高橋由伸が辞任。名コーチが語る
長期政権の難しさと監督の消費期限

  • 木村公一●文 text by Kimura Koichi
  • 小池義弘●写真 photo by Koike Yoshihiro

 プロ野球といえども、監督は絶対的な存在だ。なにより選手起用において、すべての権限を持っている。正直な話、人柄などは二の次だ。どんなに評判が悪くても、チームを勝たせられる監督なら選手は嫌々でもついてくる。逆にどれだけ人格者でも、チームが低迷し、浮上させられなかったら選手の気持ちは離れていく。

 で、その消費期限だが、私が思うに"3年"というのがひとつの目安になると思う。1年目は選手も「この人はどんな人なのか?」と、性格のみならず監督の目指す野球を見定める。それは監督も同じで、選手がどんな性格なのか、どんなタイプなのか把握するにはそれ相応の時間がかかる。それで1年が過ぎてしまうこともある。内部昇格の監督ならこうした時間は省けるが、外部から招いた場合、どうしてもお互いを知るのに時間を要してしまう。

 そしてなにより結果だ。1年目のシーズン、そこそこの結果で終わればよし。しかしBクラスに終わった場合、2年目のハードルは一気に高くなる。その2年目も満足な結果で終わらなければ、3年目は正念場となる。

 たとえば2年続けてBクラスとなると、3年目の春の時点で選手たちは「この監督で勝てるのか......」と値踏みし始めるわけだ。そうなると監督の立場は微妙だ。

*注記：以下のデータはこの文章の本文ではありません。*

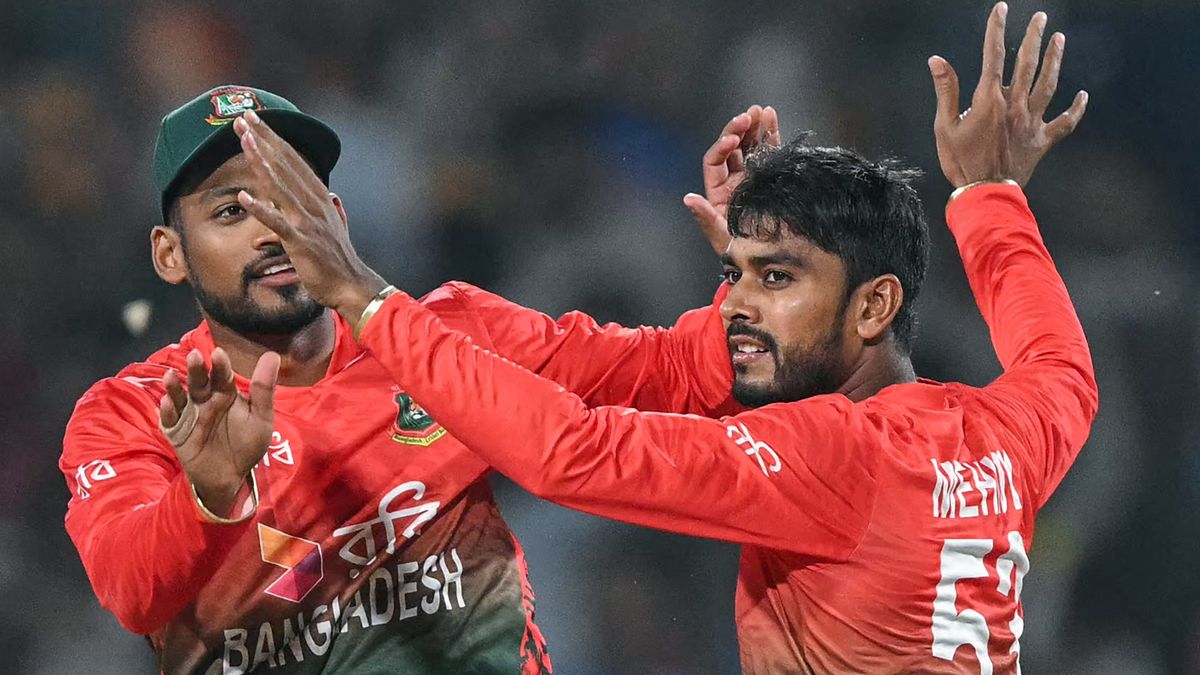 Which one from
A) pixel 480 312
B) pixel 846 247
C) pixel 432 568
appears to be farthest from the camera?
pixel 480 312

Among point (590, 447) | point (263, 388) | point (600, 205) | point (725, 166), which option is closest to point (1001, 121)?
point (725, 166)

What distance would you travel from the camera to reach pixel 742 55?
4906mm

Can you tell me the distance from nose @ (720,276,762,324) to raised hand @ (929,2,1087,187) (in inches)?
29.4

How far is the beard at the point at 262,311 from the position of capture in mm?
2646

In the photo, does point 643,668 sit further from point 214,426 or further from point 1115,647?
point 214,426

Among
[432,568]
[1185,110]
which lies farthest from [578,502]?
[1185,110]

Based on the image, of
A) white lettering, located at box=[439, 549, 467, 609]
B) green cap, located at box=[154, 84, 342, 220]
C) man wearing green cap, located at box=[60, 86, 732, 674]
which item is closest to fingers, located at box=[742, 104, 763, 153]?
man wearing green cap, located at box=[60, 86, 732, 674]

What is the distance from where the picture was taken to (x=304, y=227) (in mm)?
2172

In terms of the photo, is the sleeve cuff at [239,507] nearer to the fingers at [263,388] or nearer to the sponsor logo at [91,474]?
the fingers at [263,388]

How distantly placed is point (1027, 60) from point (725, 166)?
2.26ft

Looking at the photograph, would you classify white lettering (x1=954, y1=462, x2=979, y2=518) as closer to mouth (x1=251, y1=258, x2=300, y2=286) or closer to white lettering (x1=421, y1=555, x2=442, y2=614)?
white lettering (x1=421, y1=555, x2=442, y2=614)

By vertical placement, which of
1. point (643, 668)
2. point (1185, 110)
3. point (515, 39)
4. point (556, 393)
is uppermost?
point (1185, 110)

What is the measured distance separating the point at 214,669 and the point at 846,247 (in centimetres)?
141

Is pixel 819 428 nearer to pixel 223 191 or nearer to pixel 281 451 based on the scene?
pixel 281 451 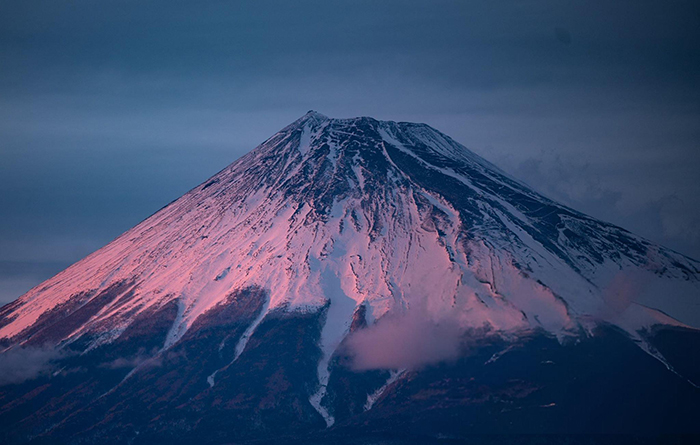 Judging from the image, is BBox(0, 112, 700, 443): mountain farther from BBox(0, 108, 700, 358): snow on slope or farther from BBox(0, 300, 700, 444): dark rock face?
BBox(0, 108, 700, 358): snow on slope

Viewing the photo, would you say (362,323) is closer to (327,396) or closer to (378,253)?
(327,396)

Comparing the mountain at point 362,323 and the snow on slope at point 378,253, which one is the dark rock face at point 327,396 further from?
the snow on slope at point 378,253

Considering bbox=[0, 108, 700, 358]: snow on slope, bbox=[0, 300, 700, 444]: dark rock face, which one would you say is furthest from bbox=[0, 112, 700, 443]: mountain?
bbox=[0, 108, 700, 358]: snow on slope

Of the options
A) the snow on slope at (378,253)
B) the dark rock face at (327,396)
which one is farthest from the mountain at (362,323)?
the snow on slope at (378,253)

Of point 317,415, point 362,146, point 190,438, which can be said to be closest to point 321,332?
point 317,415

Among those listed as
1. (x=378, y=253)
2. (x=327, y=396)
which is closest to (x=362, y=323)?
(x=327, y=396) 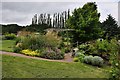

これは試合前のベンチからして空気がわかるものだ。「なめている」といったら乱暴な言い方だが、実際の話、勝てないチームになればなるほど、選手は監督をなめるようになる。空中分解の第一歩である。

 それはコーチも同じで、本来なら一蓮托生のはずだが、負けが込んでくると監督とコーチとの間に距離ができてくる。ひどい時は、「今の監督は来年がないから、今のうちに次の就職先(チーム)を探さなきゃ」と、平然と言うコーチもいる。

 余談だが、今年の春頃、巨人の取材でグラウンドを訪れた時、「あるコーチが前任の原(辰徳)監督と高橋(由伸)監督を比較して、よからぬことをもらしている」といった噂を耳にした。これでは高橋監督もやりにくいはずだし、求心力が落ちているなによりの証拠である。